Prompt -
Reproduce, exactly and only, the lines of the data that follows from the one containing "Fototapeta na wymiar" down to the one containing "Messstation der Landwirtschaftskammer", without pictures.

Record excerpts -
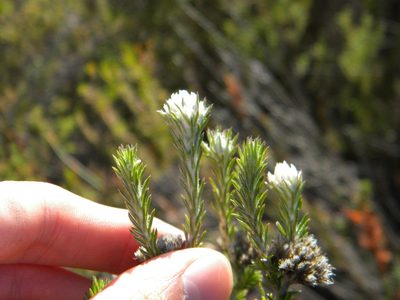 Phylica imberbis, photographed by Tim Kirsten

---

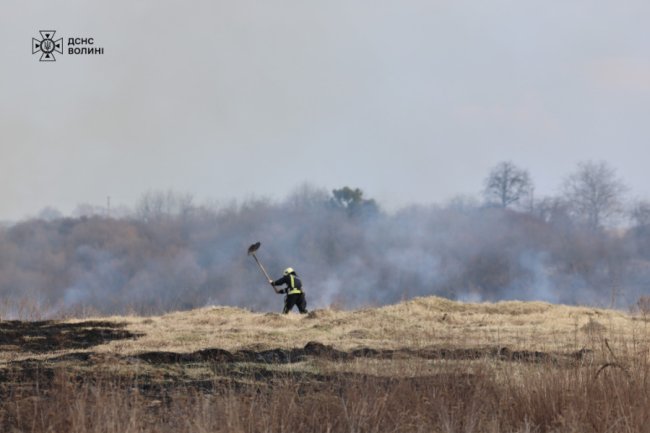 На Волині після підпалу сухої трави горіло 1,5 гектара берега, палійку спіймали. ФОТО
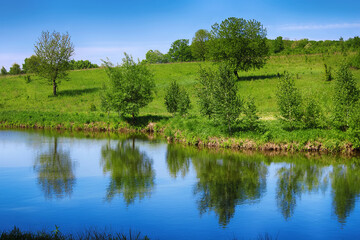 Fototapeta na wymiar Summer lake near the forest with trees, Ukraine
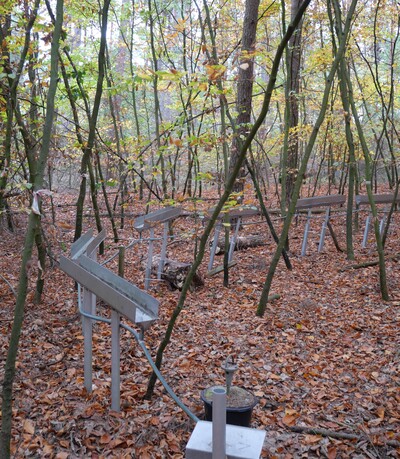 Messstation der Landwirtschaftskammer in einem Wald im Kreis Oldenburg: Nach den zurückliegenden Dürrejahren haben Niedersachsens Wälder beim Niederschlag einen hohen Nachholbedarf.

Your response -
 Fototapeta na wymiar Summer lake near the forest with trees, Ukraine
 Messstation der Landwirtschaftskammer in einem Wald im Kreis Oldenburg: Nach den zurückliegenden Dürrejahren haben Niedersachsens Wälder beim Niederschlag einen hohen Nachholbedarf.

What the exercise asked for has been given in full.